Uruguayan politician (1951–2022)

Daisy Tourné (17 March 1951 – 19 November 2022) was a Uruguayan politician, teacher, and syndicalist.

== Early life and career ==
Daisy Tourné was the daughter of María Obdulia Valdez and Pedro César Tourné, she was a niece to former Senator Uruguay Tourné, of the conservative National Party.

Tourné was an elementary school teacher and a social psychologist by profession.

Tourné aligned politically with the Frente Amplio movement, which was in government office between 2005 and 2020. Between 1995 and 2007 Tourné served as a deputy for Montevideo, prior to taking up ministerial office.

==Ministerial office==
Between 2007 and June 2009 she served as Interior Minister in the government of President Tabaré Vázquez, the first woman to have been appointed to that post.

Tourné succeeded José Díaz in the post in 2007.

Tourné was herself succeeded in her post in 2009 firstly as a temporary measure by Víctor Rossi, and then by Jorge Bruni as a permanent appointment.

==Controversies==
In 2007, as Interior Minister, Tourné oversaw security for the visit to Uruguay of US President George W. Bush, to whom a significant hostility among many of Tourné's Frente Amplio colleagues, raised in a tradition which magnifies Che Guevara and his Cuban fellow revolutionaries, was widely noted. This event occurred very shortly after her appointment to office.
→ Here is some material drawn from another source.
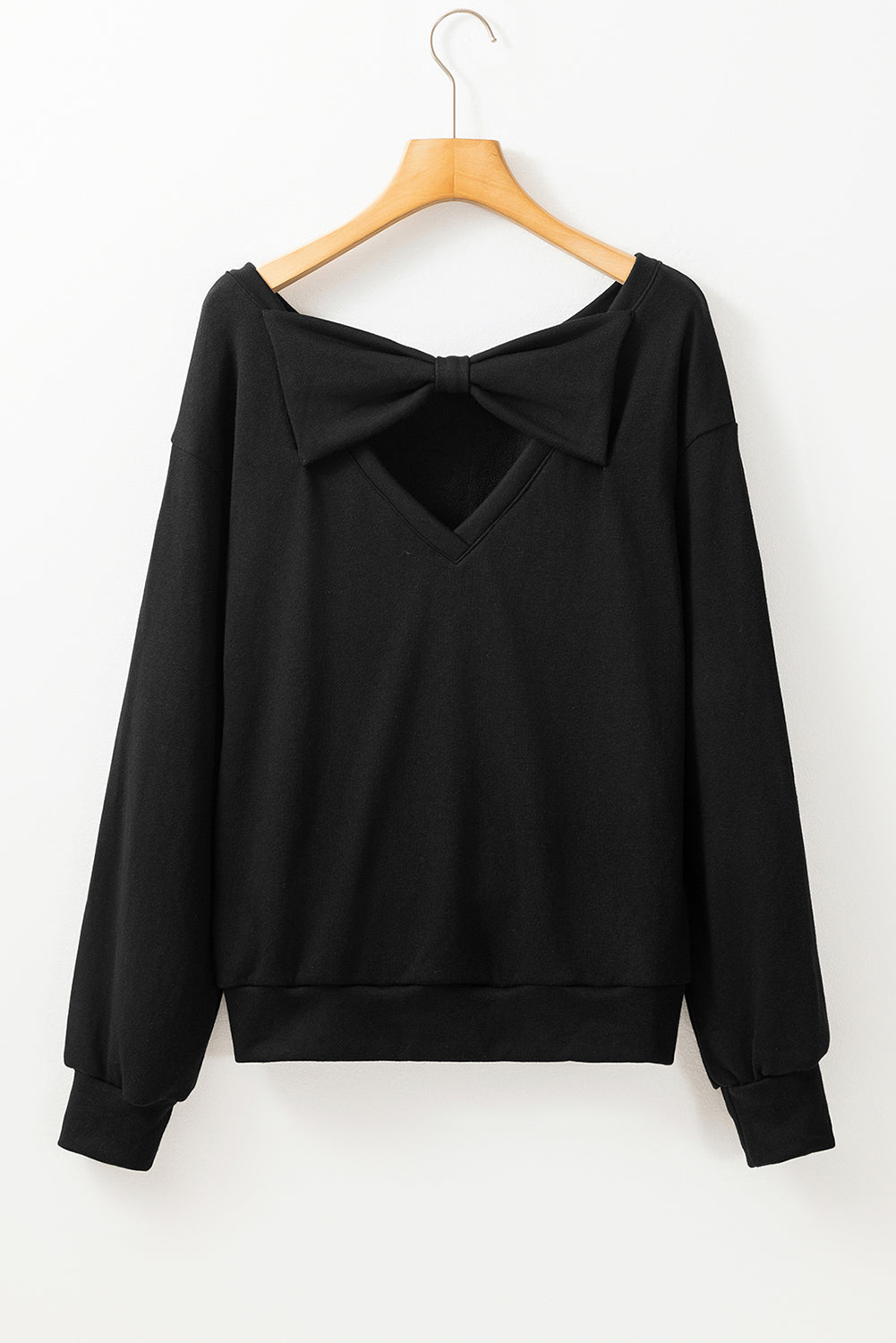 Bow Cutout Round Neck Long Sleeve Sweatshirt - Sydney So Sweet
In 2008 the opposition Colorado Party Presidential front runner Pedro Bordaberry Herrán called on Tourné to resign. Bordaberry's call followed his publicly expressed doubts about what he claimed was Tourné's lack of commitment to her ministerial responsibility for public safety issues. The criticism, which highlighted likely discourse during the 2009 Presidential elections, was rejected by Tourné.

===Resignation from Frente Amplio government===
However, Tourné eventually did resign on 4 June 2009. According to some reports, the President himself asked Tourné to resign from the Ministry following the incident, while these reports were contradicted by others.
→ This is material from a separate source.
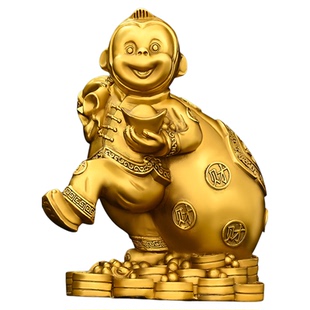 黄铜猴子摆件铜金猴子家居客厅办公室生肖猴开运吉祥物开业礼福猴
The resignation occurred following some public gaffes, which included comments widely deemed indiscreet about former President Luis Alberto Lacalle. She also made a widely noted personal comment regarding former Vice President Luis Antonio Hierro López. This event came about 18 months after the Frente Amplio had disavowed another prominent member within its ranks for comparable comments made regarding the son of former President Lacalle.

====Tourné and public debate on alleged 'crudeness' in political discourse====
There followed a public debate on the supposed significance of 'crudeness', with some observers having regarded Ms. Tourné as having been unacceptably 'crude'.

In turn, the Uruguayan Socialist Party spokesman on the contrary accused the Opposition of 'crude machismo'. The party also offered an alternative version of the reason for Tourné's resignation, namely, that she had voluntarily left President Vázquez's government, countering suggestions that she had been dismissed.

==Personal life and death==
Tourné died on 19 November 2022, at the age of 71.